The work was accepted for publication in the Astronomical Journal and is the result of a collaboration between American, British and Brazilian researchers. On the national side, Adriana Valio from the Universidade Presbiteriana Mackenzie in São Paulo and Raissa Estrela, currently a postdoc at JPL, the NASA Jet Propulsion Laboratory in the USA, took part.
The destination was the planet GJ 1132 b, which is 41 light years away from here. It orbits a red dwarf, a star much smaller than the Sun, and does one lap in just 38 hours. That is, it is close to its star king. As a result, it receives 19 times more stellar radiation than Earth from the sun. Nobody expects to find life there.

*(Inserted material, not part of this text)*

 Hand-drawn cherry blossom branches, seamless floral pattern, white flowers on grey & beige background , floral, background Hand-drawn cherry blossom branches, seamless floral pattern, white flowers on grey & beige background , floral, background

However, there are reasons to delight in the discovery, which predicts what to expect on planets around red dwarfs. For decades, astronomers were suspicious that the high levels of turbulence in these tiny stars were preventing a world from maintaining an atmosphere. Here is a planet that we have known since 2017 to have a gaseous shell.

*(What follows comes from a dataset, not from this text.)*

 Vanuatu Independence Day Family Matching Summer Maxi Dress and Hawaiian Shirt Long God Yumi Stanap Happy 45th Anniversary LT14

With a diameter of 16% and a mass 66% larger than terrestrial, GJ 1132 b is clearly rocky and slightly denser than Earth. By observing the star’s light scraping through its atmosphere before reaching Earth, Hubble obtained a spectrum (the decomposition of light) that carried the signature of the gases it encountered along the way.
Now we know that the planet’s atmosphere contains hydrogen, hydrogen cyanide, and methane, as well as aerosols similar to what we see in Titan’s air, Saturn’s largest moon. The scientists’ hypothesis is that GJ 1132 b was originally a mininetuno with a huge primordial atmosphere of hydrogen and helium. This would have been carried away by the stellar wind a long time ago. But then, thanks to volcanic activity, the planet gained a second atmosphere – the one we see now.

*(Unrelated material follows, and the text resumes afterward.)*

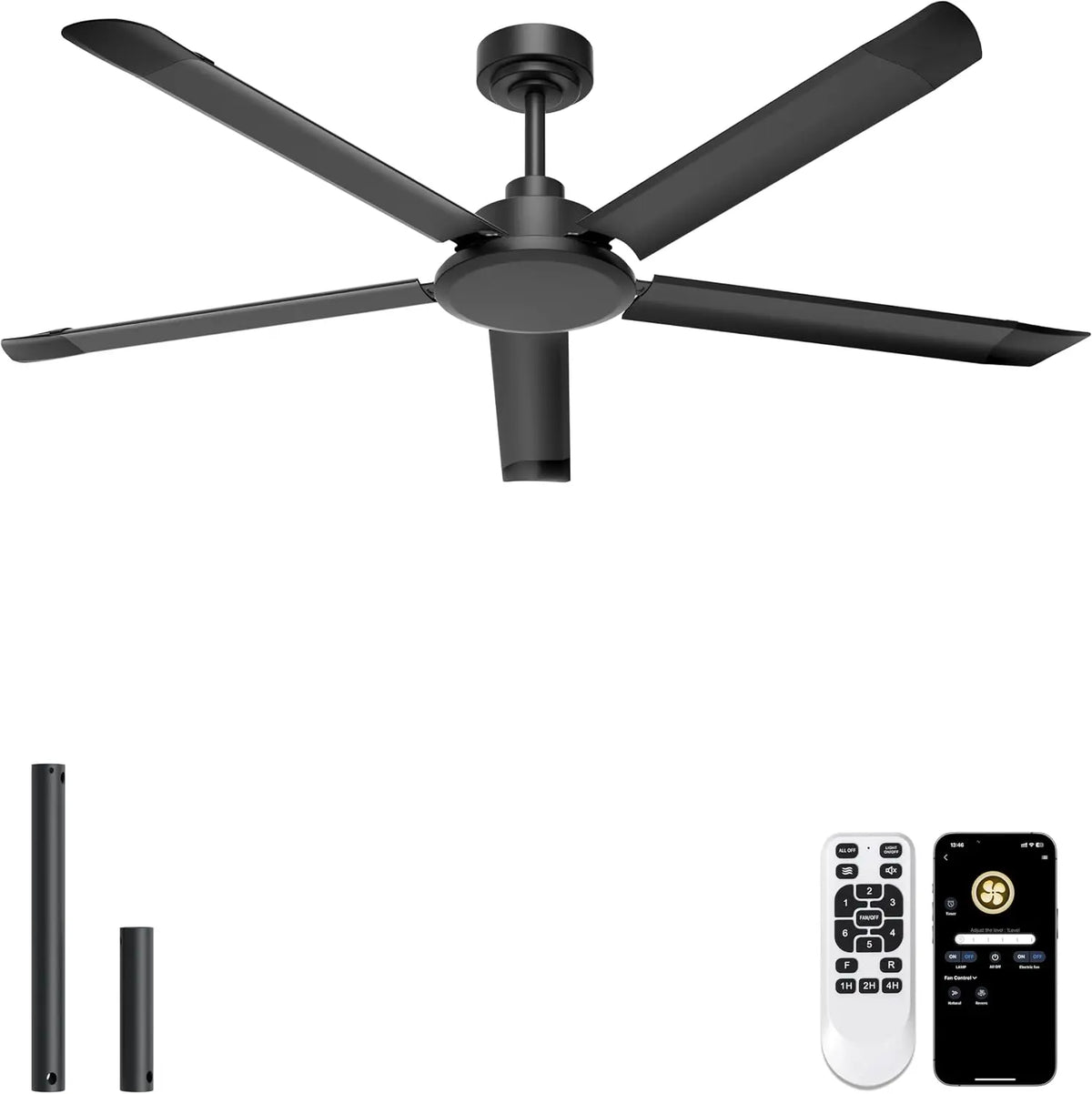 Ohniyou 60'' Industrial Ceiling Fan No Light for Patio - Porch, Black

Hubble’s detection is at the limit of the space telescope’s instruments, but researchers hope the James Webb Space Telescope, due to be launched next October, can more easily confirm the results. And also take a look at the atmosphere of many other rocky exoplanets, some of which are in the habitable zones of their systems – neither too hot nor too cold around the star, where living conditions could exist on the surface of a world there. It is to be concerned about what’s coming.
This column is published in Folha Corrida on Mondays.